It is argued that he should have invaded Italy, but that was hardly necessary. If he had done so, Caesarian veterans would have put up a die-hard resistance. Far better to let starving dogs lie.

Octavian’s tribulations were all the more painful and humiliating in the light of news from the east, where his colleague was at the height of his powers and prestige. Trumping the divi filius, Antony decided to claim divine status on his own account.

He presented himself to the people of Asia as the New Dionysus. Dionysus, also widely known as Bacchus, was a god with two interrelated dimensions: on the one hand, he was the patron of wine, agriculture, and the abundance of nature; on the other, he presided over mystical cults whose secret rituals induced ecstatic or out-of-body experiences and delivery from the daily world through physical or spiritual intoxication. Dionysus stood for a euphoric eastern irrationalism that could be set against the western clarity of Apollo, god of reason and light.

The triumvir–cum–Greek god had more on his mind than establishing an iconic image for himself and having a good time. His most urgent task was to raise funds to refill the bankrupt Roman exchequer, and he set about his work with ruthless enthusiasm.

The trouble was that the eastern provinces had already been called on to finance much of Rome’s civil wars. Now Antony used any method that came to hand to squeeze out all remaining wealth. Recalling that the god had his dark side, Plutarch notes acidly:

To most people, [Antony] came as Dionysus the Cruel and Eater of Flesh, for he stripped many noble families of their property and gave it away to rogues and flatterers. In other cases, men were allowed to steal fortunes from owners who were still living by making out that they were dead.

Antony saw he was going too far, and reduced his demand for nine years’ worth of taxes to two. He had to look elsewhere for additional cash; and at this point the New Dionysus, equivalent to the Egyptian god Osiris, thought of his divine sister, the New Isis, alias Cleopatra, queen of Egypt, who saw herself as an incarnation of the kingdom’s celebrated goddess of fertility. Antony had last met her in Rome when she was Caesar’s mistress. Aware of Egypt’s untold riches, he decided to invite her politely but firmly to make a substantial contribution to his running costs.
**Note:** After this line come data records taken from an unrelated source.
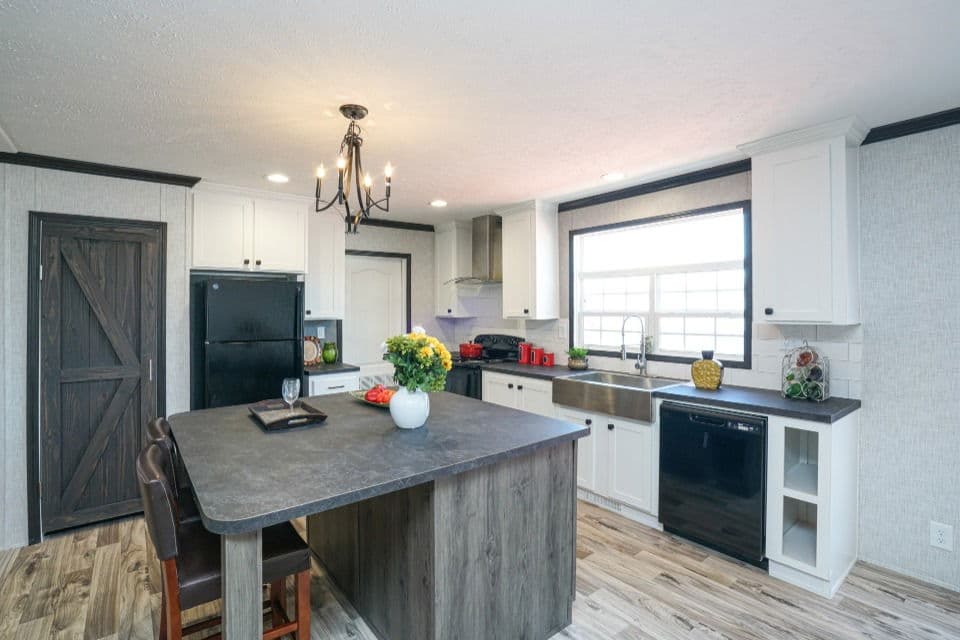 Pegasus 28483s kitchen home features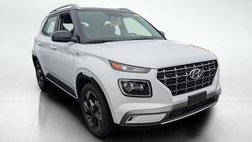 2023 Hyundai Venue Limited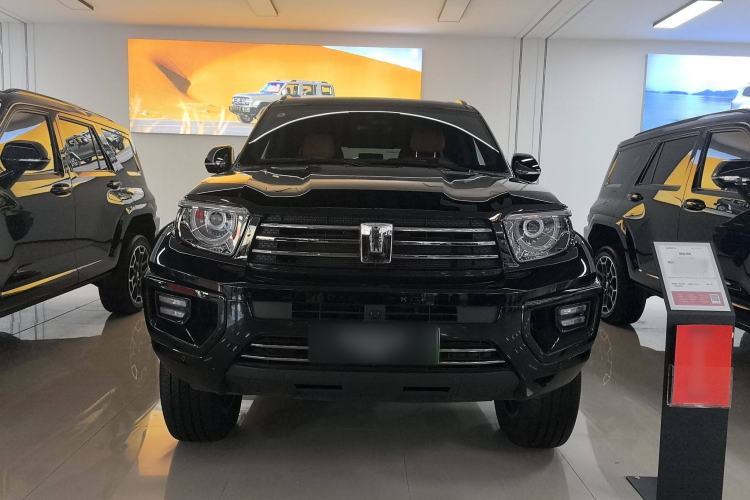 Used Tank 700 New Energy 2024 Hi4-T Extreme Edition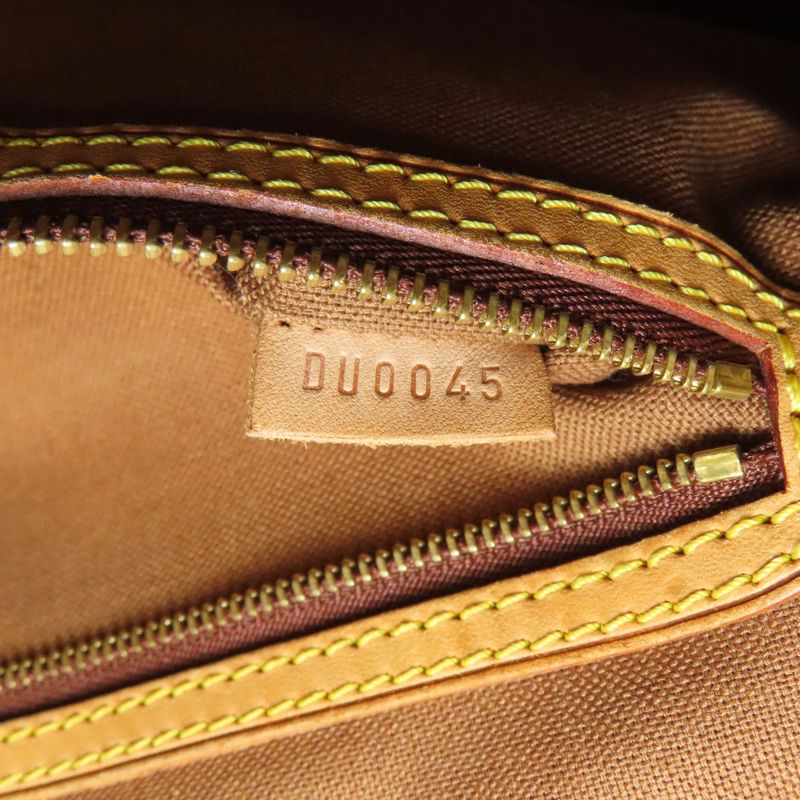 Louis Vuitton M51154 Batignolles Oriental Tote Bag Monogram Canvas Women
From Tarsus in Cilicia (in today’s southern Turkey), where he was then based, he sent one of his aides to fetch the queen.

He chose for the task Quintus Dellius, a versatile character who was said to have been his sexual pet when a boy, and who built a reputation in these dangerous times for switching sides at precisely the right moment. A memorable putdown described Dellius as a “circus-rider of the civil wars,” adept at jumping effortlessly from horse to horse.